Emacs TRAMP

Table of Contents

Author Lee Hinman (lee@writequit.org)
Date 2017-06-20 19:36:02

1 Introduction

TRAMP is a package providing an abstraction layer that can be used for accessing remote files on different machines. I say "abstraction layer" because it's not just a simple library for reading and writing files, it hooks into Emacs at a low enough level that other packages need not be aware of it in order to use it.

TRAMP stands for Transparent Remote (file) Access, Multiple Protocol

So what is this and how do I use it?

2 What's required to use TRAMP

While TRAMP is built in to Emacs, it does require some external tools, so if you can, install these:

  • ssh
  • scp
  • nc (optional)
  • rsh/rlogin/telnet (if you hate security)
  • ftp (optional)
  • mimencode or uuencode (both optional)
  • smbclient (optional)

And if you're on Windows:

  • plink
  • psch

Which are part of the Putty suite.

3 How to use TRAMP

Tramp has a special syntax that you use when opening files in order to access the file as if it were local:

/{method}:{user}@{host}#{port}:{remote-file-path}

Not all the parts are required, so we'll look at a lot of examples

4 TRAMP methods

There are a bunch of methods that you can use with TRAMP, here are some of them

Method Name Description
ssh The most common method, uses ssh
scp Uses both ssh and scp to transfer data
rsync Uses ssh to connect and rsync to transfer data
su Use su to edit a file as a different user
sudo Edit the file using sudo to appear as root
plink Uses plink.exe -ssh to log in to the host
pscp Uses plink to connect and pscp to transfer files
smb Connect to a Samba (Windows file sharing) share, requires smbclient
rsh Don't use this unless you like getting hacked
telnet Don't use this unless you like getting hacked
ftp Don't use this unless you like getting hacked
adb Connect to an Android phone using adb

Most of the time, if you are on OS X or Linux, you'll want to use ssh or scp, and plink if you're on windows. If you really want to see the whole list, you can check tramp-methods.

4.1 Configuration of methods

You can change the method that tramp uses by default by customizing tramp-default-method, for instance, I've set my method default to ssh:

tramp-default-method
"ssh"

You can also set per-host defaults with tramp-default-method-alist, in the format HOST USER METHOD

tramp-default-method-alist
((nil "%" "smb")
 ("\\`\\(127\\.0\\.0\\.1\\|::1\\|localhost6?\\|thulcandra\\)\\'" "\\`root\\'" "su")
 (nil "\\`\\(anonymous\\|ftp\\)\\'" "ftp")
 ("\\`ftp\\." nil "ftp"))

If you also want to change the default username that tramp uses to connect, as by default it uses your current username, you can change tramp-default-user and tramp-default-user-alist for that.

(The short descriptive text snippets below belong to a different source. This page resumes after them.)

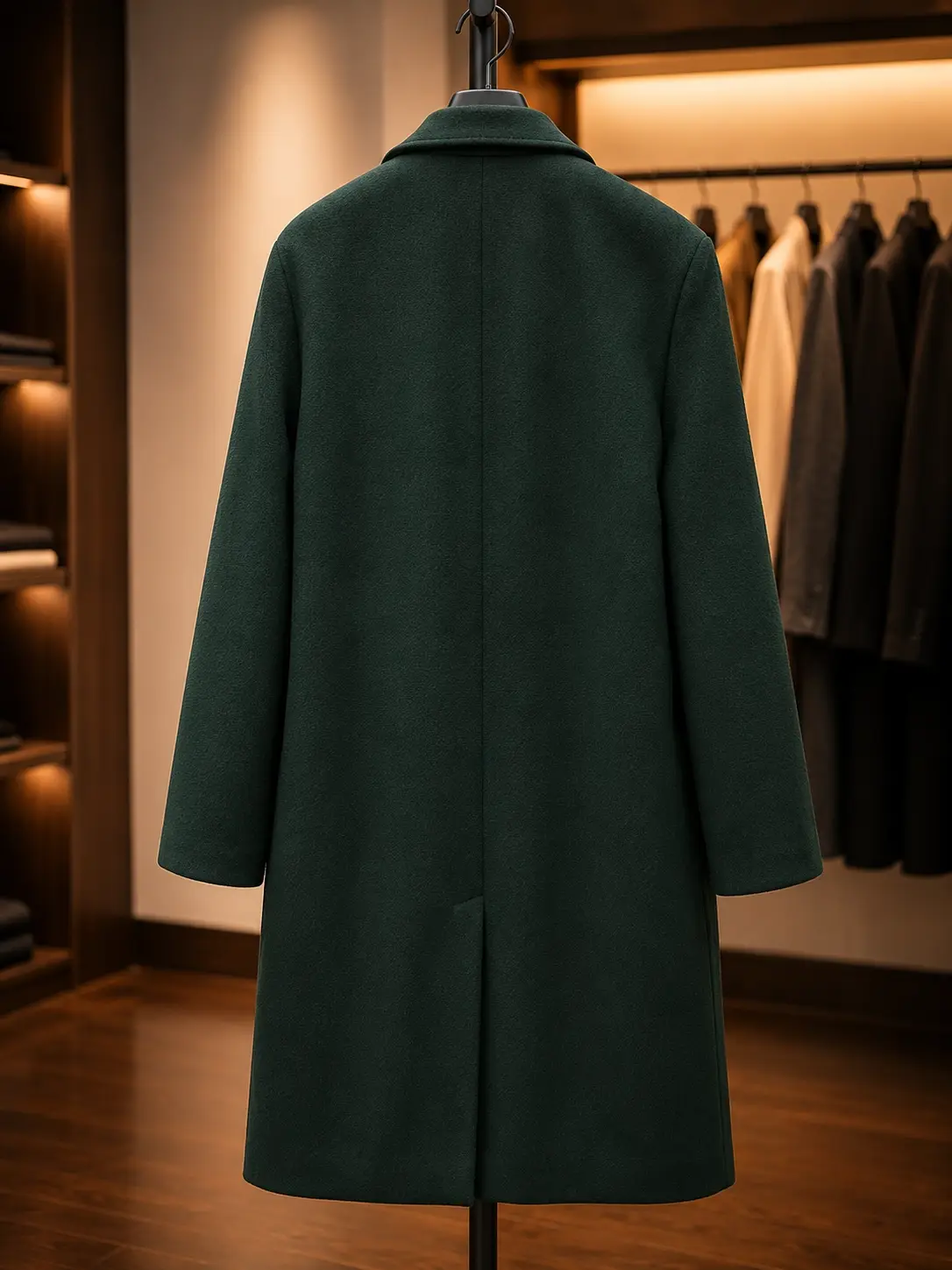ZARA Forest green long wool-blend coat — back full length hanger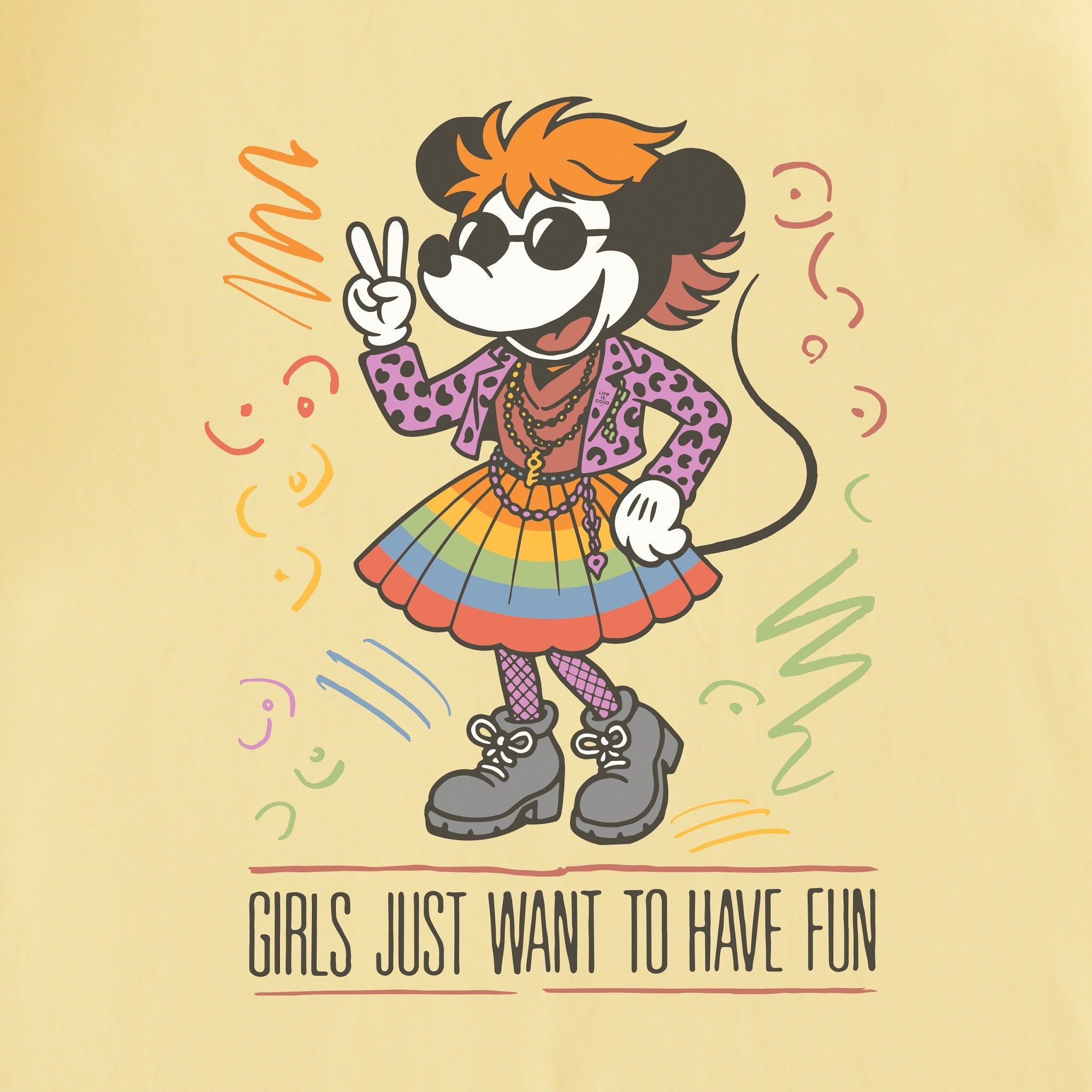 Women's Girls Just Wanna Have Fun in the 80s Short Sleeve Crusher Tee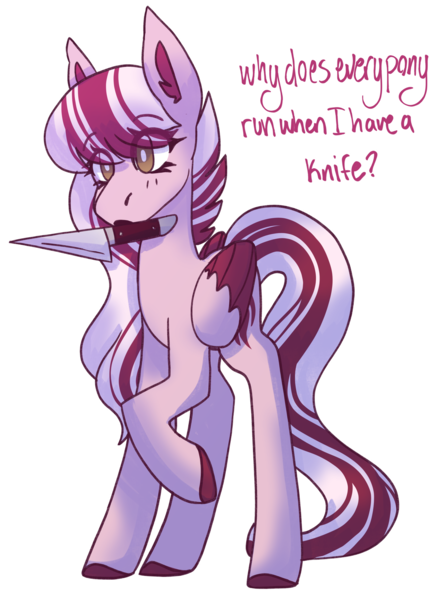 Size: 2307x3157 | Tagged: safe, artist:raya, derpibooru import, oc, oc:dusty ember, unofficial characters only, pegasus, pony, commission, cute, knife, simple background, solo, talking, transparent background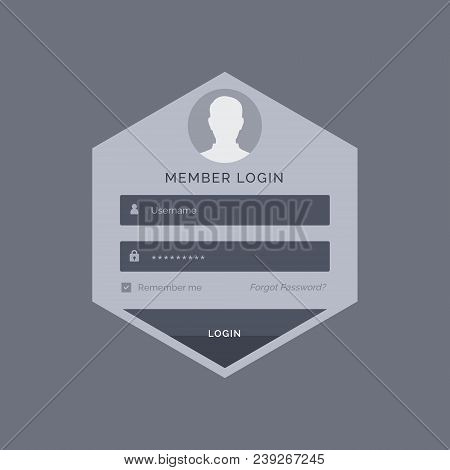 Member Login Form Ui Template Design In Hexagonal Shape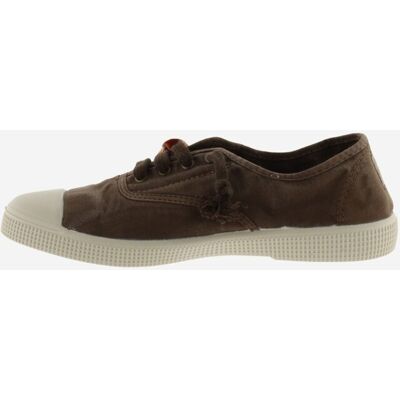 Victoria Zapatillas básicas unisex de lona envejecida DREC con cordones al tono y accesorio pulsera. (41) Marrón oscuro mujer Victoria Zapatillas básicas unisex de lona envejecida DREC con cordones al tono y accesorio pulsera. (41) Marrón oscuro mujer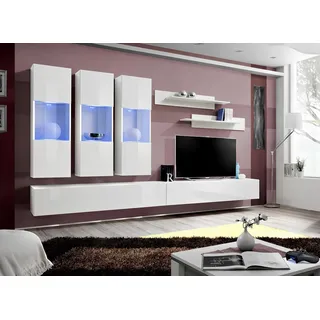 Weiß Wohnwand Designer Hänge Vitrine TV Ständer Sideboard Holz Modern - Weiß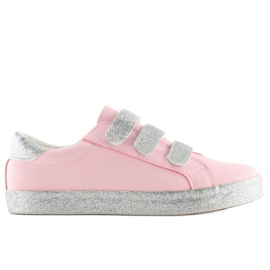 Sneakers fastgjort med velcro pink XL10P Pink grå lyserød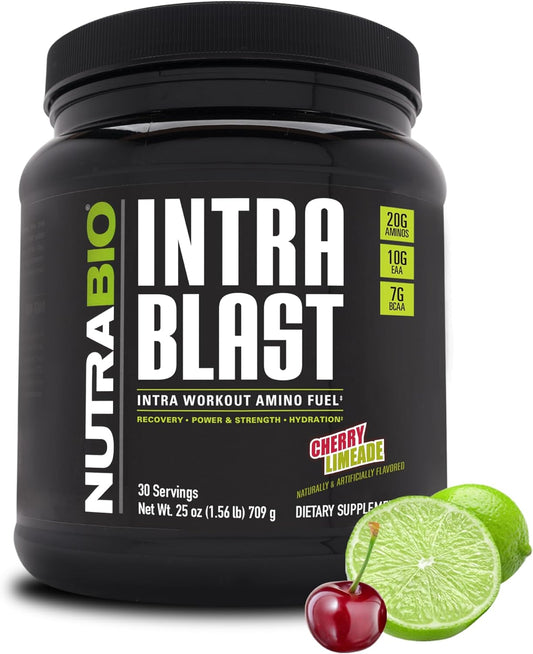 Cherry Limeade NutraBio Intra Blast BCAA EAA Electrolyte Powder - Amino Acid Supplement - Non-GMO, Gluten Free - 30 Servings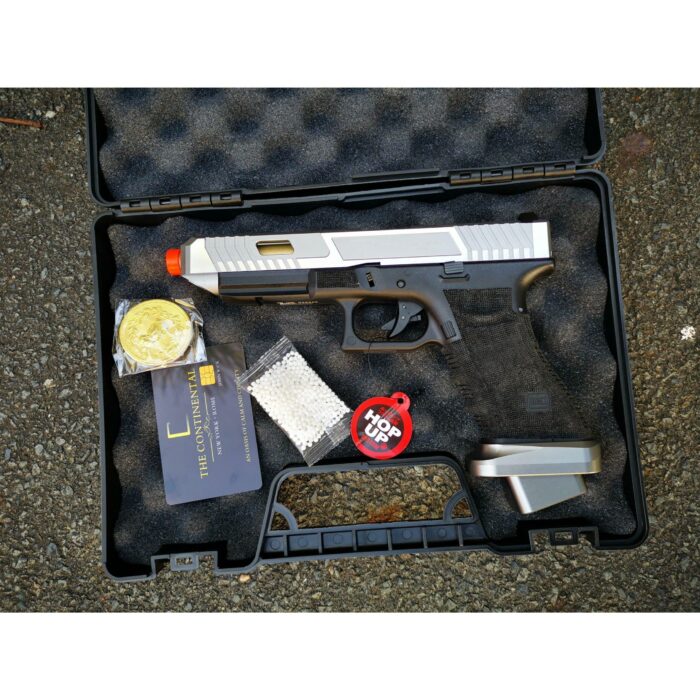 VIP Version - DOUBLE BELL Glock 34 TTI Type John Wick2 Combat Master Custom Gas Blowback Gel Blaster Silver Resin Frame Green Gas Version - iHobby Online
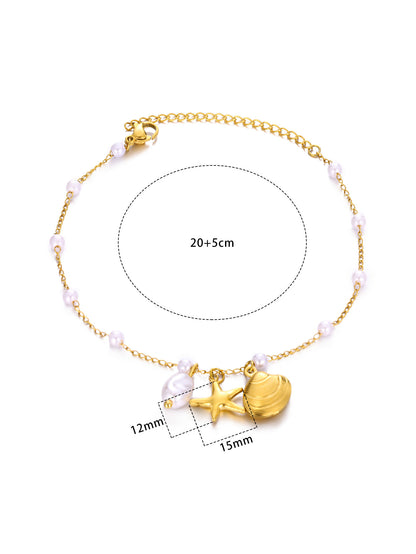 ⚜️B27: 18k Gold Plated Stainless Steel Minimalist Bracelet: Sea Shell✨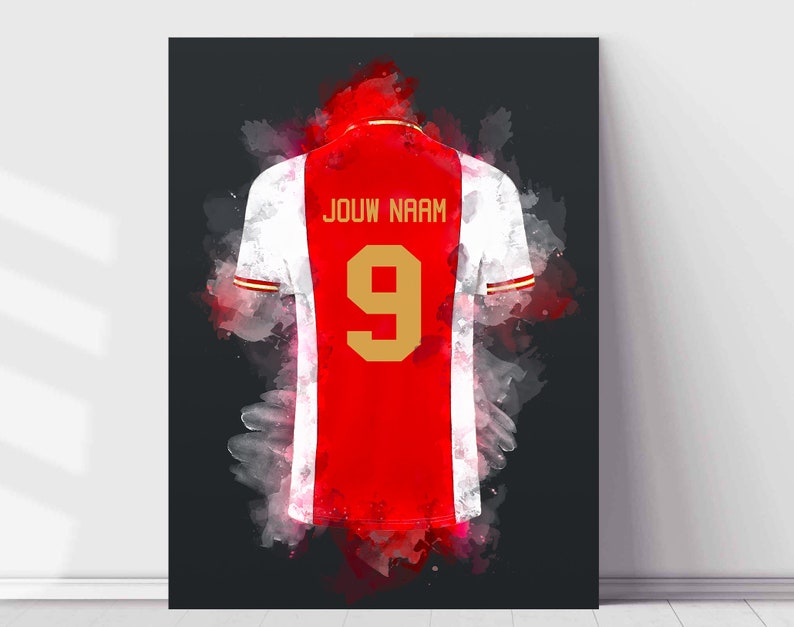 Ajax voetbal poster Ajax shirt wallpaper Unieke art print van het shirt met personalisatie van naam en rugnummer afbeelding 1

Finally, if you go to a remote host quite often, you can make it the default by setting tramp-default-host or tramp-default-host-alist.

5 Editing remote files

Imagine you have a server remoteFoo and you want to edit a file in /etc/hosts, first you would invoke find-files with C-x C-f, and then type:

/ssh:user@remoteFoo:/etc/hosts

Hit enter, and now you have a buffer that coordinates to this file. You can also leave out the "user" part if you use the same user as your current username:

/ssh:remoteFoo:/etc/hosts

Whenever you save the file, tramp will transfer it back to the remote machine, you're technically editing a buffer that is a local (temporary) file, which is being transferred back and forth as needed by Emacs.

6 Troubleshooting

You can turn on tramp's logging by setting tramp-verbose to a number between 0 and 10 (inclusive), the default value is 3, with increasing values being more and more verbose:

Value Description
0 silent (no tramp messages at all)
1 errors
2 warnings
3 connection to remote hosts (default level)
4 activities
5 internal
6 sent and received strings
7 file caching
8 connection properties
9 test commands
10 traces (huge).

Sometimes you run into trouble with tramp, it hangs, or it can't connect to a machine, this can especially happen if you forcibly disconnect the connection (like closing your laptop lid) while a session is open, in that case, you might need to clean up tramp's internal accounting before opening a new tramp session.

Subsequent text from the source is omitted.